– Europa jest dziś świadkiem zbrodni dokonywanych w imię ideologii antynarodowej. To właśnie przyświeca Putinowi – chęć likwidacji wszelkich odrębności, zniszczenia tożsamości narodowych i roztopienia ich w wielkim rosyjskim imperium. Fakt istnienia narodu ukraińskiego jest dla niego czymś nie do zaakceptowania, w rosyjskiej propagandzie wielokrotnie mogliśmy usłyszeć oskarżanie Ukraińców o faszyzm – tylko dlatego, że korzystają ze swojego prawa do samostanowienia i zachowania odrębnej tożsamości narodowej. Dokładnie tak mówił Stalin: „Przeciwników nazywajcie faszystami lub antysemitami. Trzeba tylko wystarczająco często powtarzać te epitety” – stwierdził premier Mateusz Morawiecki w trakcie wykładu na uniwersytecie w Heidelbergu.
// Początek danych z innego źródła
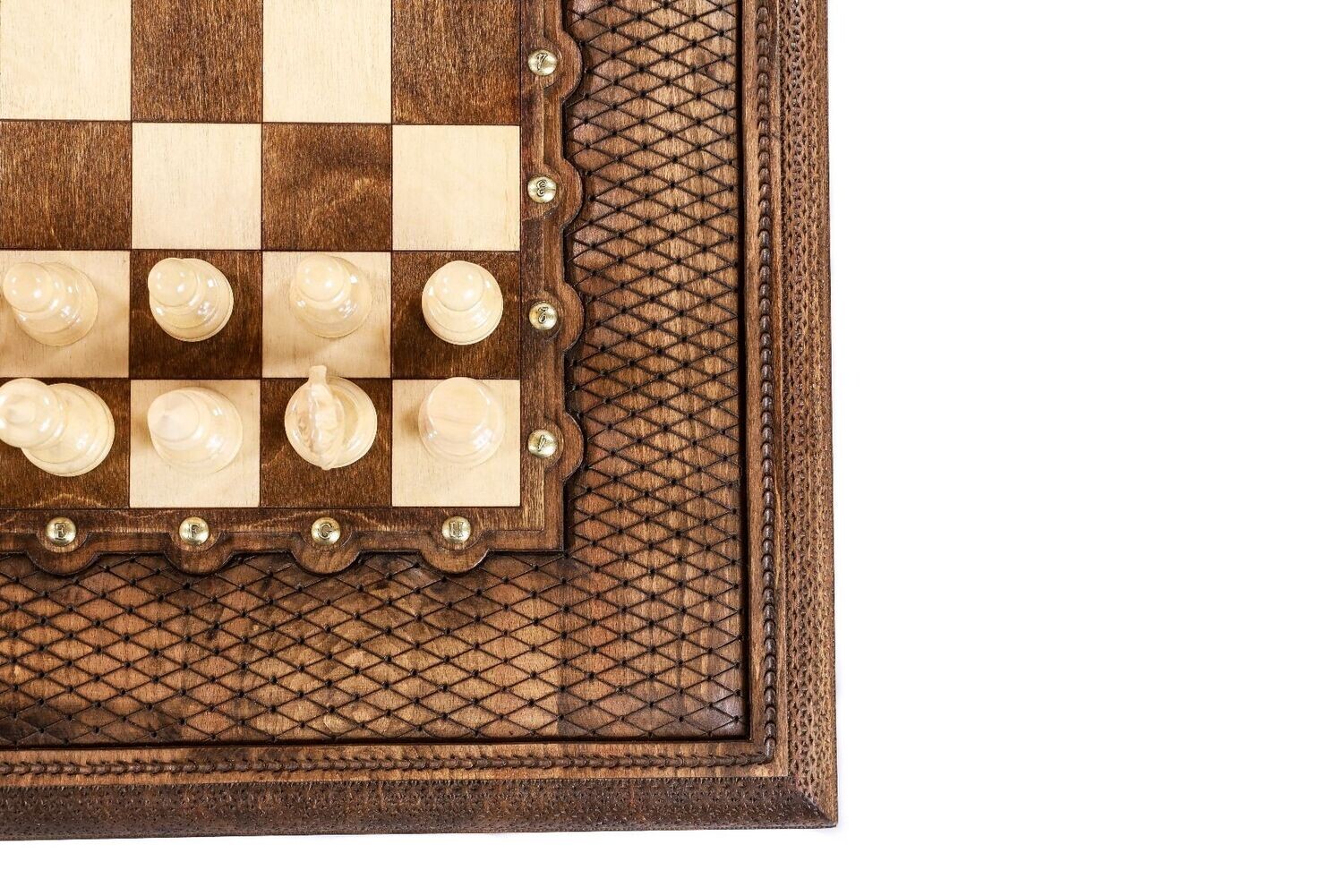 Chess Table Classic 24x24x24&quot;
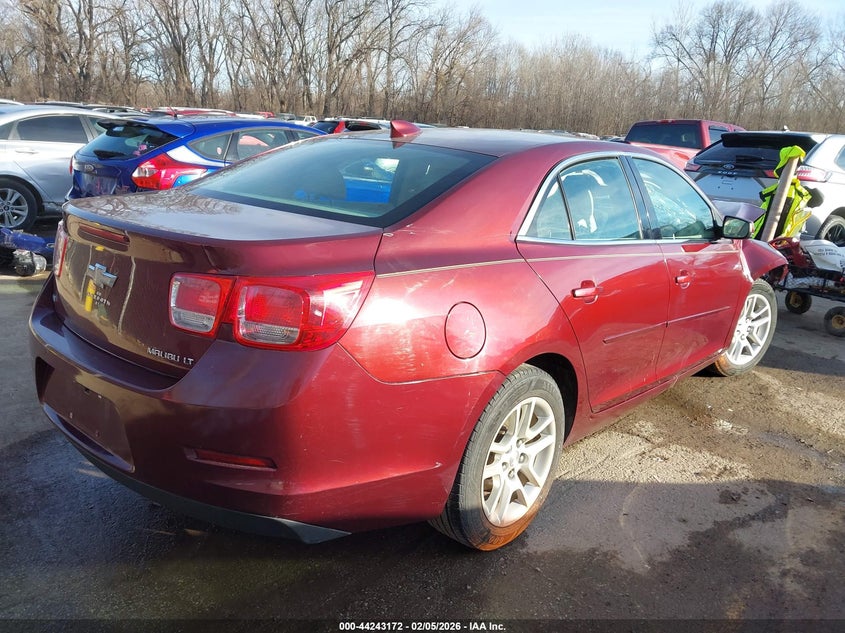 2015 Chevrolet Malibu 1Lt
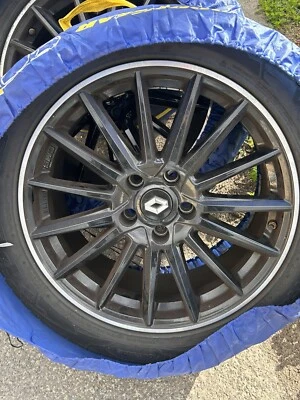 Sommer Reifen CMS 18Zoll x4 - Bild 1 von 3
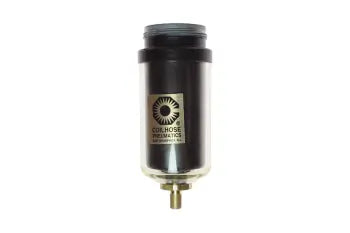 26F-41S by Coilhose | Replacement Part | Filter | Metal Bowl with Sight Glass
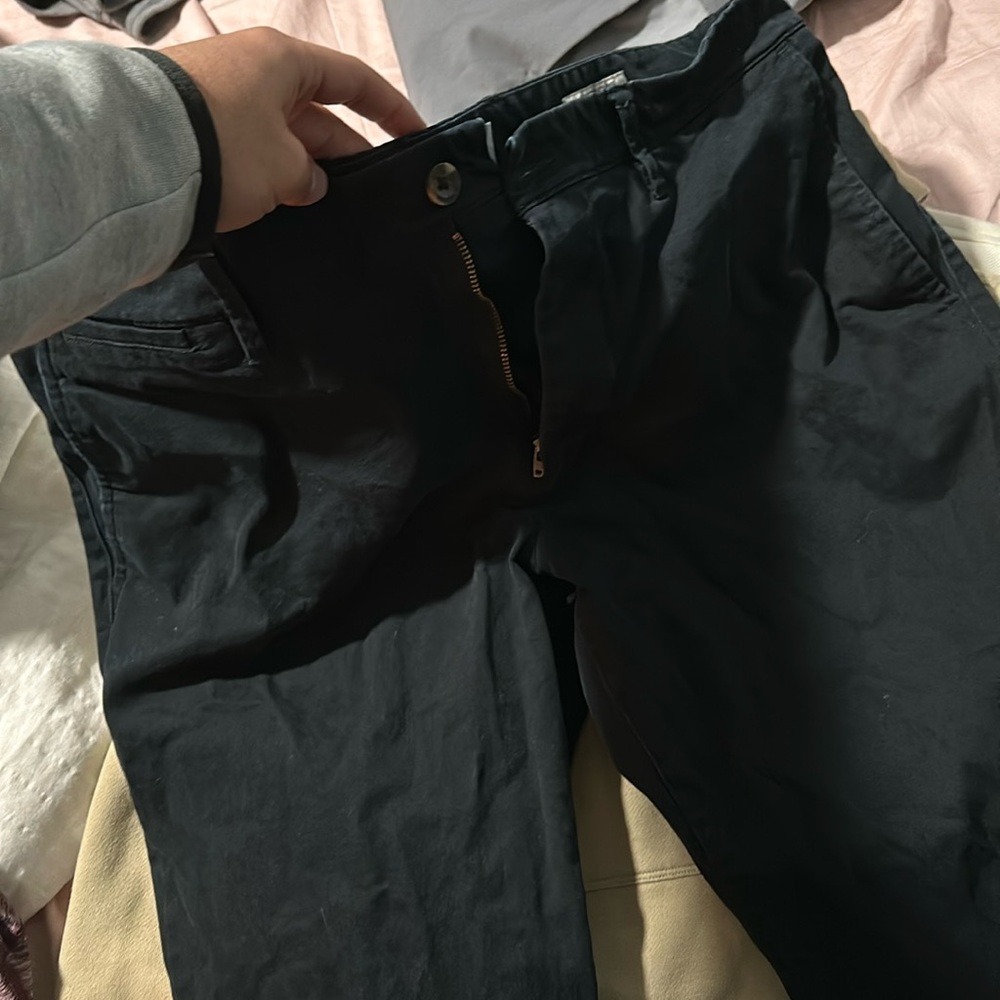 Black pants
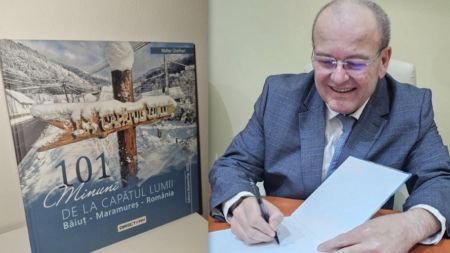 Walter Übelhart și declarația sa de dragoste pentru Băiuț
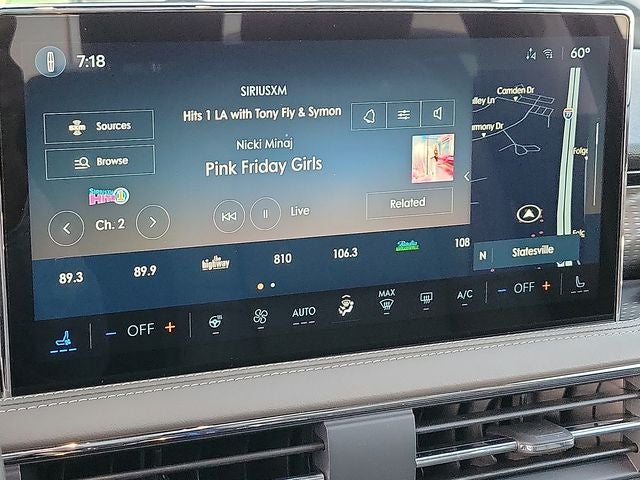 2024 Lincoln Corsair Reserve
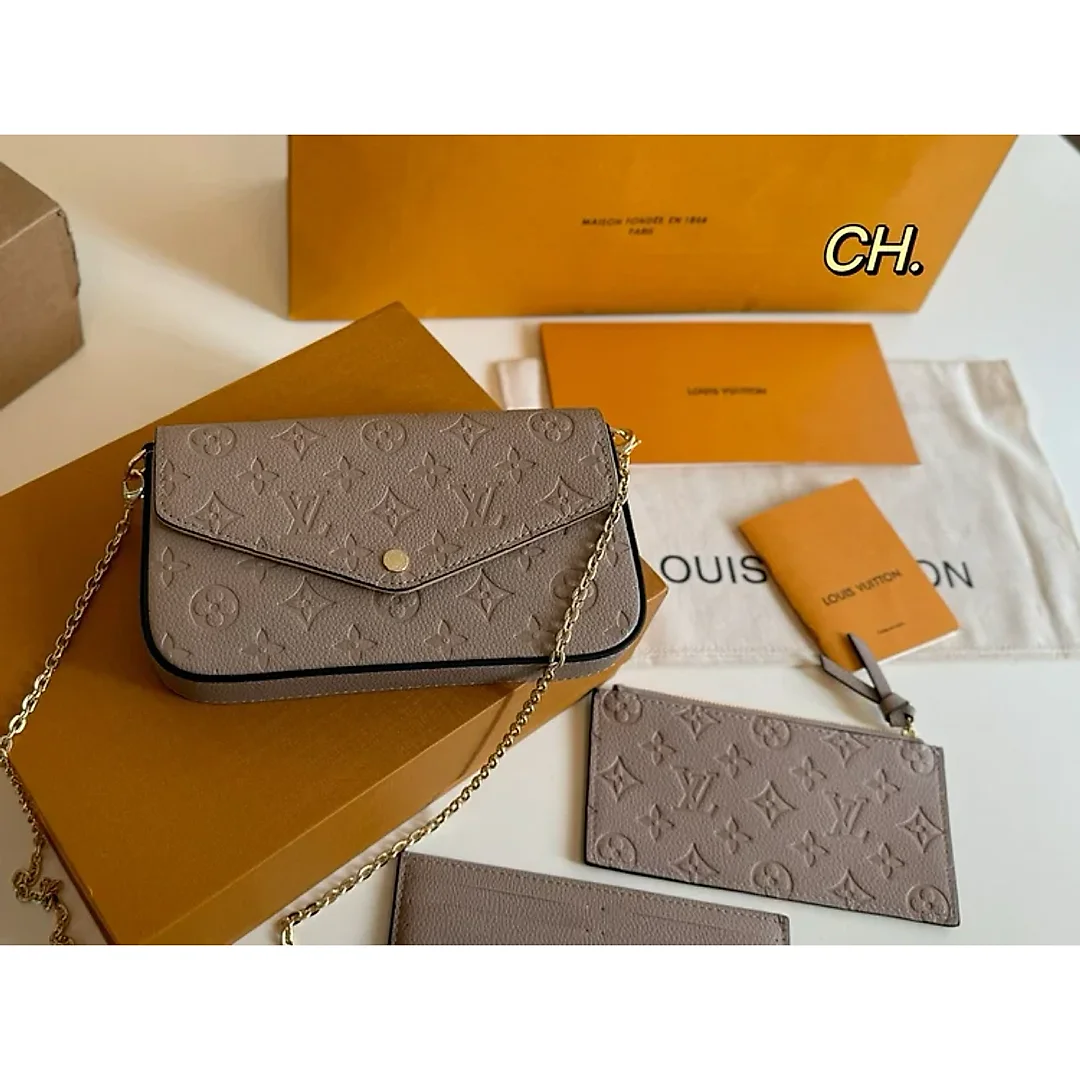 Louis new arrival bag wallet size: 2213 cm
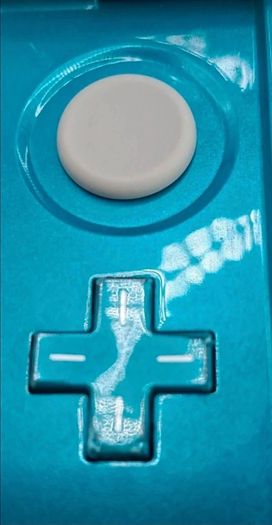 Nintendo 3DS Aqua Blue Console With Charger, SD Card, Battery & Stylus Region Free Modded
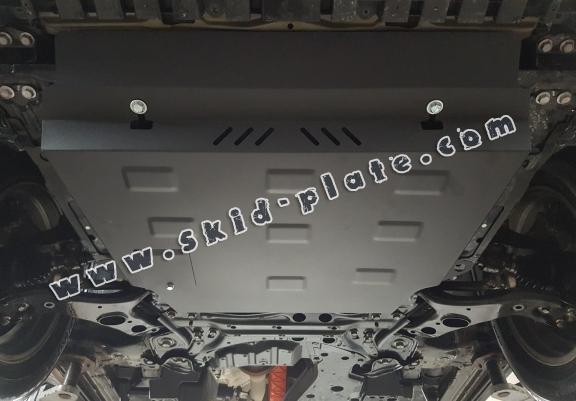 Steel skid plate for Lexus NX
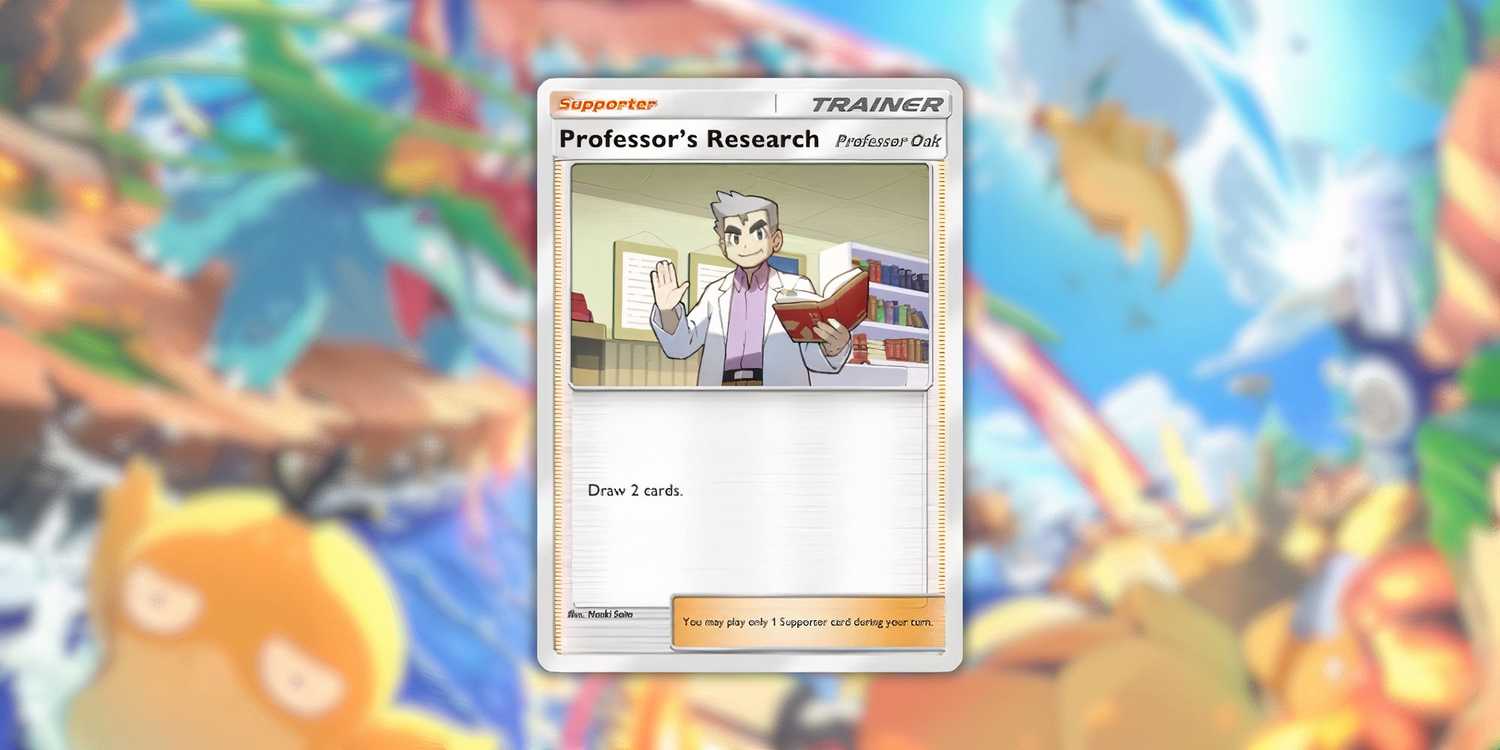 Pokmon TCG Pocket Fans Upset That The "Best Card In The Game" Still Has No Full Art Card Pokmon TCG Pocket Fans Upset That The "Best Card In The Game" Still Has No Full Art Card
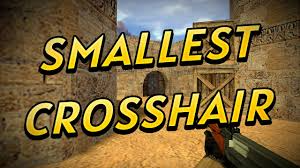 How to Make Your Crosshair Smaller in CS 1.6: A Quick Guide tutorial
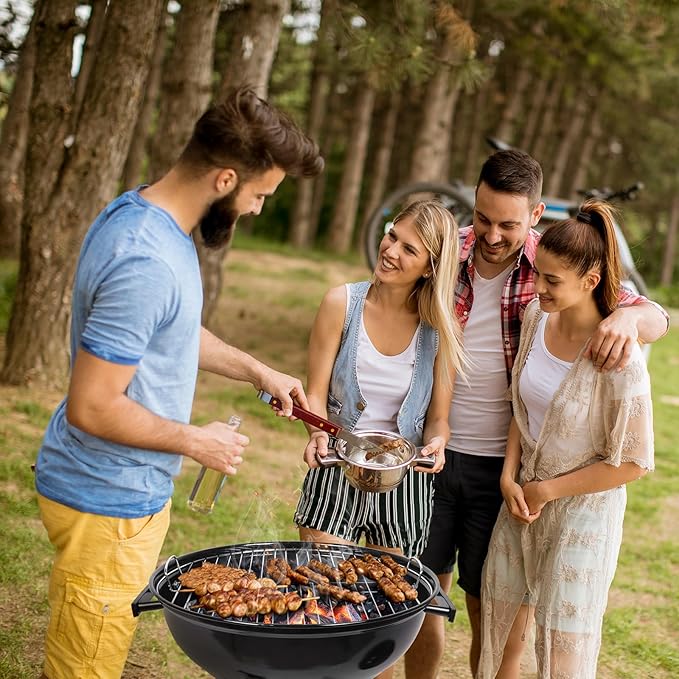 Charcoal Grill ©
– Trzeba powiedzieć jasno: faszystą jest ten, kto chce niszczyć inne narody. Jest nim każdy, kto chce narzucać innym narodom swoją wolę, wbrew prawu międzynarodowego, łamiąc prawa człowieka, depcząc ludzką godność. Faszystą jest dziś Władimir Putin i wszyscy współsprawcy rosyjskiej agresji. Jako Europejczycy mamy obowiązek przeciwstawienia się rosyjskiemu faszyzmowi. To jest właśnie Europejska tożsamość – kontynuował.